Fidelma was shaking her head in sad disbelief. ‘What sort of punishments?’

‘From fasting, confinement in one’s cubiculum to the saying of additional prayers and …’ he hesitated ‘ … even to physicalpunishments such as the use of the scourge. He listed two hundred blows, given at twenty-five blows at one time, as the punishment for some infractions. Confessions had to be made in public before the abbot and the entire community.’

‘I cannot believe such a Rule would be proclaimed by someone of our land.’

‘True, alas. The Rule also declared celibacy was the perfection — a goal one must make every wholehearted effort to attain by making the body a temple of virtue. He had declared a code of behaviour of asceticism and austerity. He claimed that the austere spirit had to be totally obedient and that obedience would win merit in the eyes of God. That was the ultimate aim of the life of the religious.’

‘It is amazing. I thought our people were so imbued with the essence of our law that they would never descend to such philosophies. How could Colm Bán believe that he could command the love and allegiance of his followers in this way?’

‘He did not. Many left this abbey during the time when his Rule prevailed,’ replied Brother Eolann. ‘However, his Rule lasted only a decade after his death before the abbey sought the milder form of governance as given by Benedict.

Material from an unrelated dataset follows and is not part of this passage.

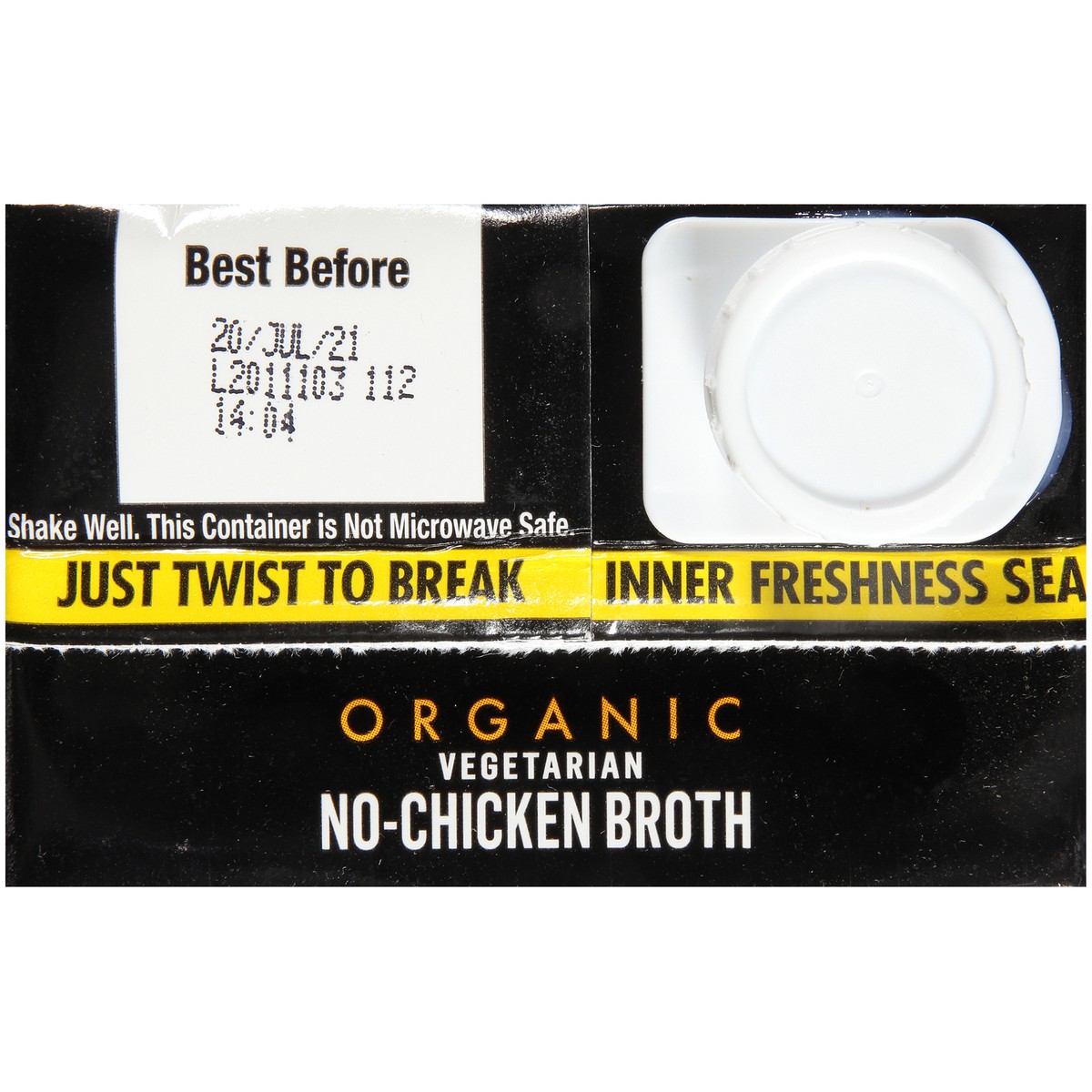 slide 6 of 10, Imagine Organic Vegetarian No-Chicken Broth 32 fl. oz. Aseptic Pack, 32 fl oz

I think it is Colm Bán’s myth rather than the reality which commands the present love and allegiance.’

Fidelma swallowed as she contemplated the picture that had been painted. Then she shook herself slightly. ‘And this Arianism? How does that affect the brethren here?’

‘We try to ignore it.’

‘But others do not?’

Brother Eolann gave a sad sigh. ‘It is good to have someone here from one’s own land. There are others of the Five Kingdoms here but not many that one is able to talk with.’

‘How do you mean that?’

‘Well, I mean to converse with intelligence. I do not wish to denigrate anyone … but, well, you have spoken to Brother Lonán? He only comes alive when speaking of herbs and plants. While that is laudable and I do not doubt his knowledge, his conversation on other matters is limited. He would not know the poems of our great poet Dallán Forgaill, nor even the poems of Colm Bán himself, any more than the works of Sophocles or the history of Polybius.’

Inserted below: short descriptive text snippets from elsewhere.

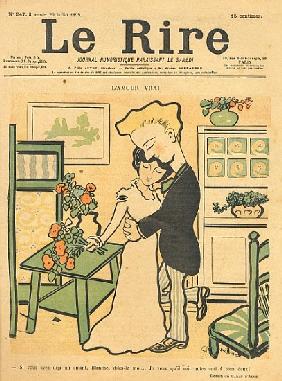 True Love, from the front cover of ''Le Rire'', 29th July 1899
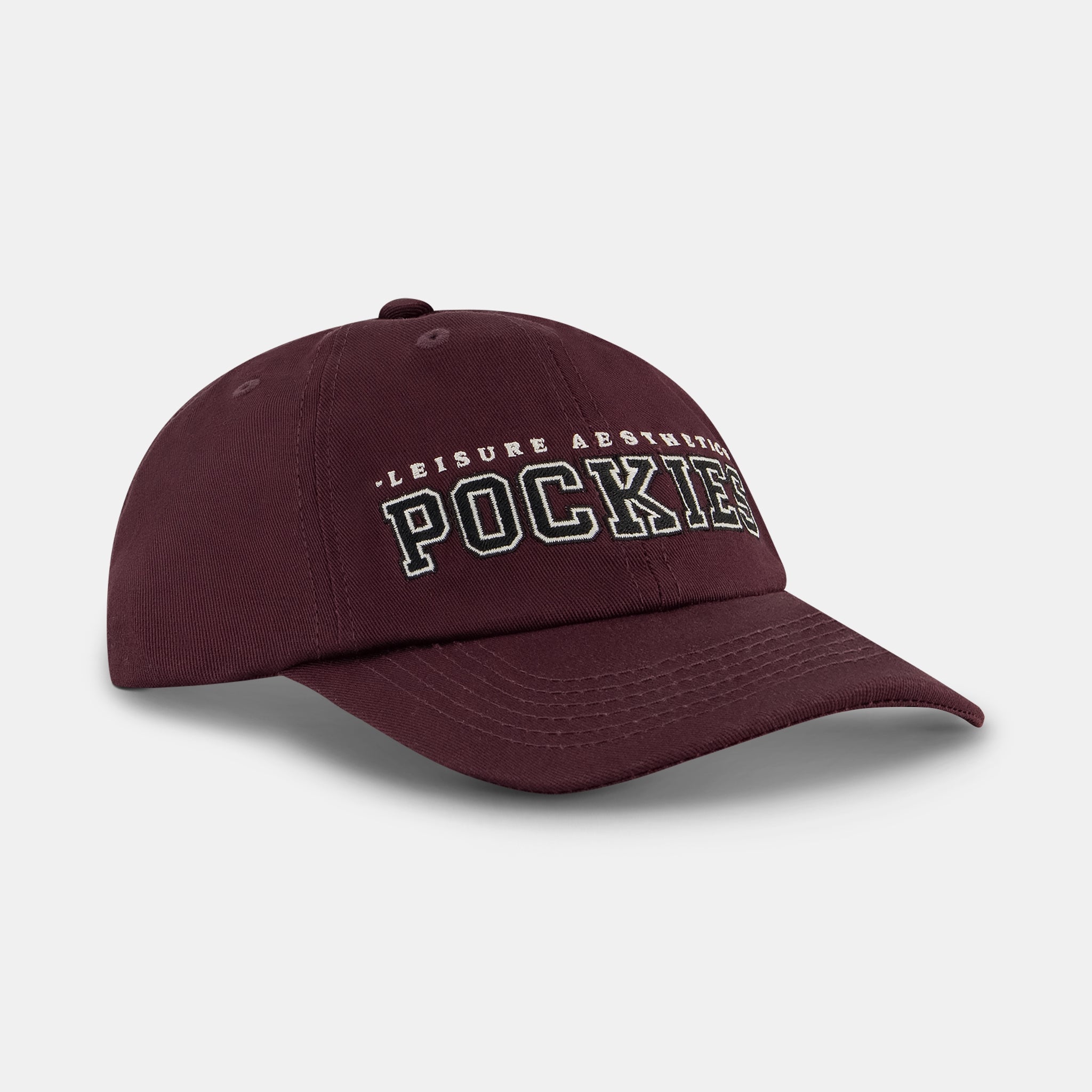 UM Dad Cap - Cherry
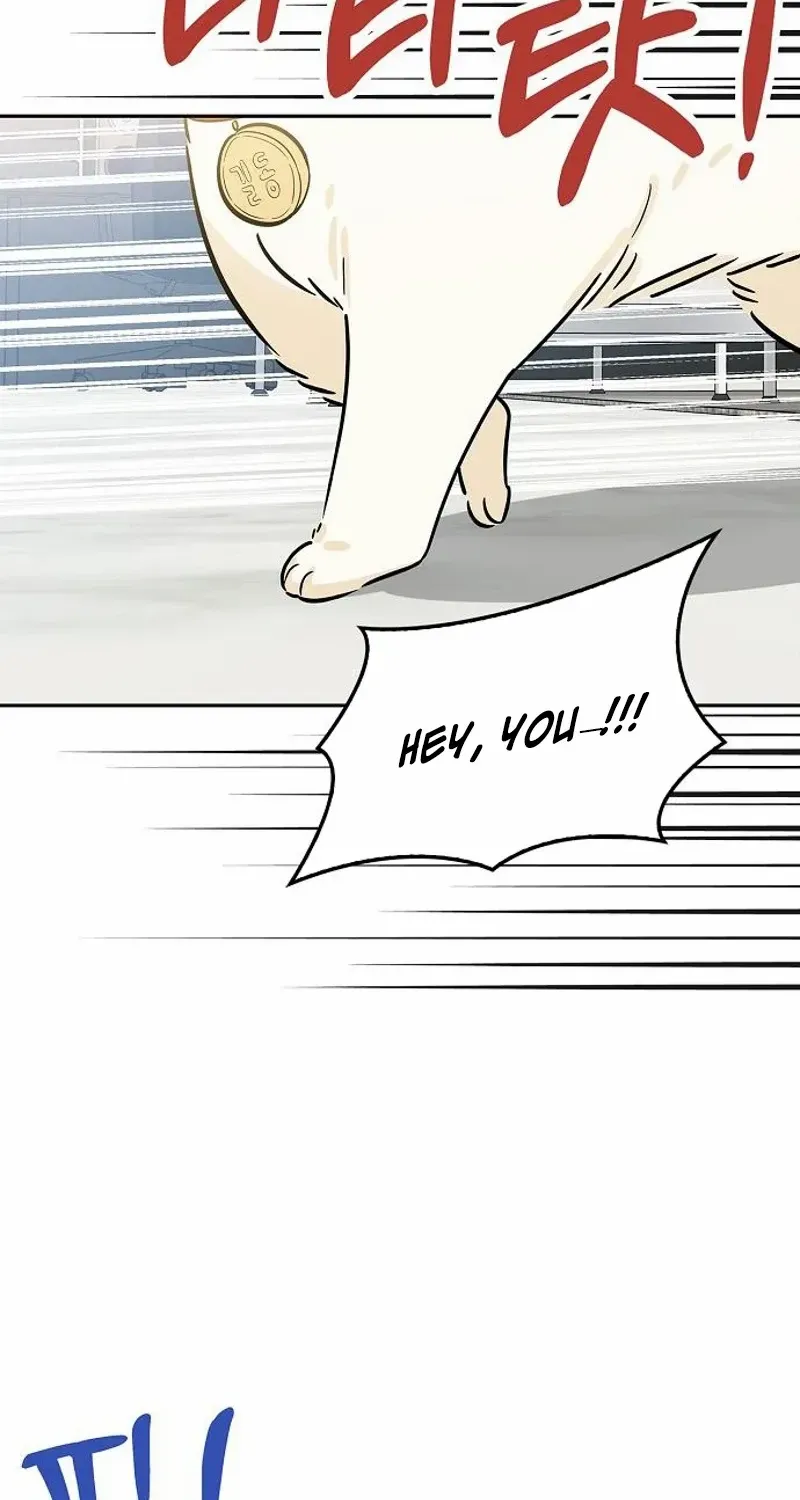 I will be your dog, President Chapter 21 page 47 -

Fidelma hid a smile. ‘Literature is only one form of knowledge, ’ she rebuked.

‘But these books,’ Brother Eolann waved a hand towards the ranks of shelves around the room, ‘these books open roads to all knowledge.’

‘So you would prefer to speak to scholars rather than gardeners?’

‘Is that wrong?’

‘Much may be learned from both, depending on what you want to know.’

‘I am told you spoke with Brother Ruadán last night.’

‘He was why I came here — to see him. He was my teacher when I was young,’ Fidelma replied, wondering at the sudden change of subject.

‘I suppose they would let you see him,’ Brother Eolann said reflectively.

‘Why would they not let me see him?’ Fidelma was puzzled.

‘Brother Hnikar allows no one to see him. They certainly won’t let me near him, and I would claim that I was closer to Brother Ruadán than anyone else in this abbey.’

Fidelma examined him curiously. ‘Are you saying that you were expressly forbidden to visit him?’

‘I was told that he is too poorly. Sad that, at his age, he should be so violently attacked for preaching the true Faith.’

‘Were there any witnesses to this attack?’

‘No one saw it. He was found outside the gates of the abbey early one morning. I was told that he had been preaching at Travo, which is further down the valley. I can only repeat the common knowledge which is that he was found at the gates, badly beaten, with a paper on which the word haereticus was pinned to his bloodstained robe.’

‘Heretic,’ nodded Fidelma. ‘I have been told.’

‘Those of the Arian Creed denounce us as heretics, even as we denounce them. Poor Brother Ruadán, he must have barely made it back to the gates of this abbey before he collapsed. God gave him strength. He is an old man but he survived until he reached here.’